Religions au Brésil : les parts de marché

Les cathos brésiliens s’inquiètent, ils sont de moins en moins nombreux. Du moins en pourcentage. De 2003 à 2009, leur part de marché est passée de 74% à 68%. La baisse touche toutes les classes sociales.

La faute à qui ? À Jean-Paul II, pape superstar mais médiocre stratège marketing. Anticommuniste primaire, il avait un peu trop tendance à voir sur les croix brésiliennes des Karl Marx en lieu et place du Christ. Les évêques et les prêtres de la théologie de la libération, il les avait dans le nez, il les a écartés chaque fois qu’il a pu. Quant à leurs ouailles, elles n’étaient pas perdues pour tout le monde.

Ceux qui ont vite compris que leur chance était venue, ce sont les pasteurs venus des États-Unis, les gringos distributeurs de bibles. Et ils en ont distribué des bibles, y compris aux analphabètes. C’est que chez ces gringos, ce n’est pas l’argent qui manque quand il s’agit de répandre la bonne parole. D’autant que cette bonne parole est un investissement sans risque sur lequel le retour se fait en quelques années. Et leur bonne parole n’est pas celle des catholiques, marxistes ou non. Leur promesse est celle d’une toute prochaine prospérité. Cette parole a vite trouvé un écho favorable chez les Brésiliens qui ne pensent avant tout qu’à se dar bem.
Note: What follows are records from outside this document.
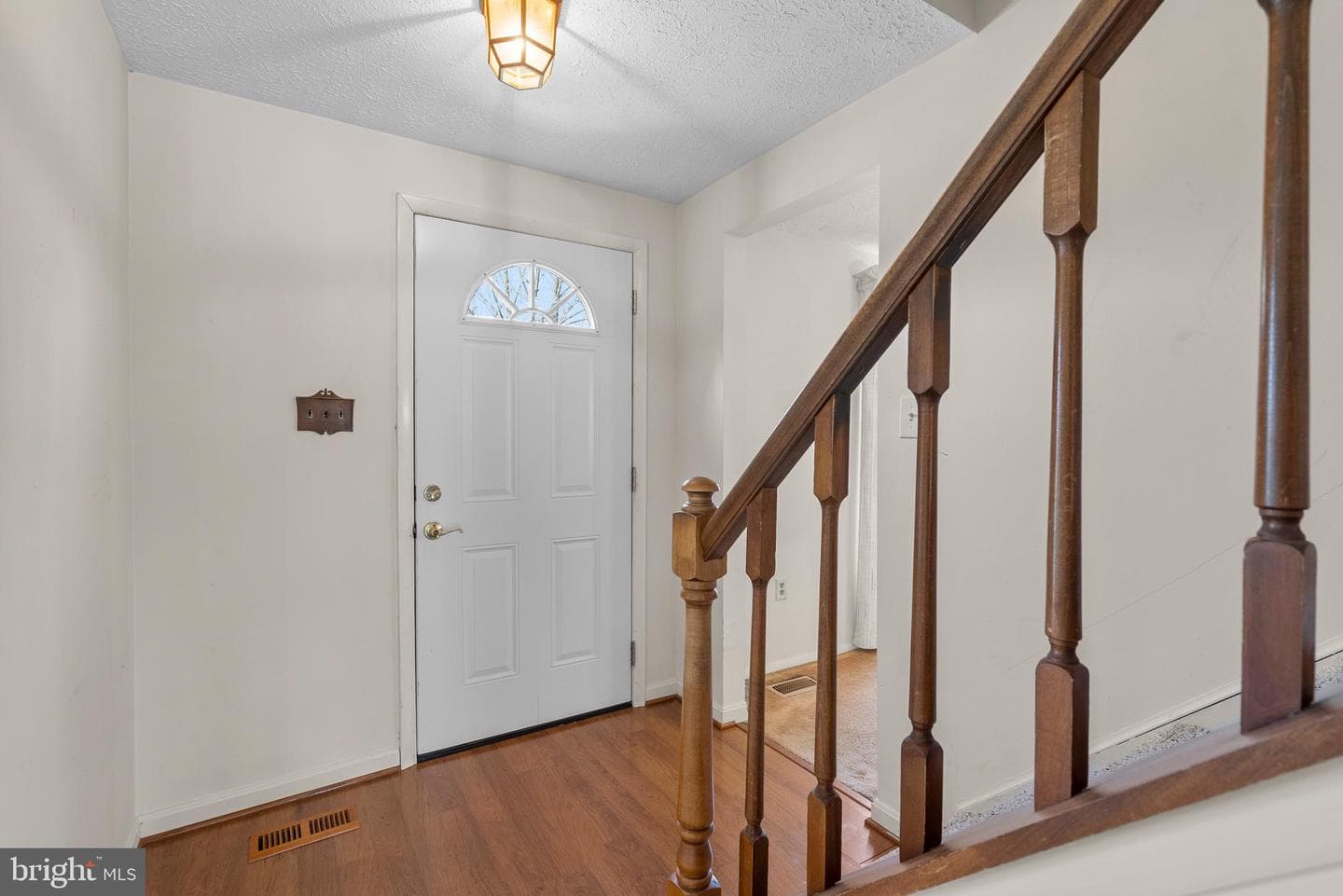 8745 Cardinal Forest Circle photo 4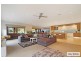 19 TUDOR Drive, Mooroolbark VIC 3138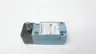 HONEYWELL LSR1A LIMIT SWITCH 600V-AC thumbnail 4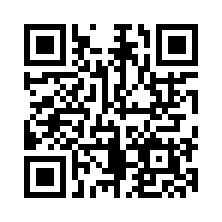 QR Code for 1FefYwCaGc3UQyKjz3ExaFU1Scd6dGc3hG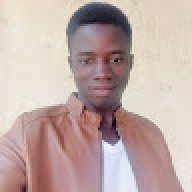 calculateur2030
Ils sont aujourd’hui environ 13%.

La croissance des évangéliques pentecôtistes (Assemblée de Dieu, Église du royaume universel de Dieu, Congrégation chrétienne du Brésil, etc.) a été fulgurante, mais elle semble aujourd’hui accuser un coup d’arrêt. Trop de scandales ont éclaté, trop de pasteurs sont partis avec la dîme.


Et les autres ? Il y a les protestants historiques (les calvinistes et luthériens), ceux qui pratiquent les religions d’inspiration africaine, les juifs et les musulmans, les bouddhistes et les hindouistes, les adorateurs de Lucifer et les bricoleurs de leur propre culte, les agnostiques et les athées.

Il y a aussi les spirites dont les adeptes se concentrent parmi les couches les plus aisées de la population (6% des classes A et B). Je me souviens que lors d’une promenade au Père Lachaise, j’avais trouvé par hasard la tombe d’Allan Kardec. Une dizaine de femmes, tout de noir vêtues, y priait bruyamment, impuissantes à contenir les larmes qui inondaient leurs yeux. Ces pleureuses étaient brésiliennes.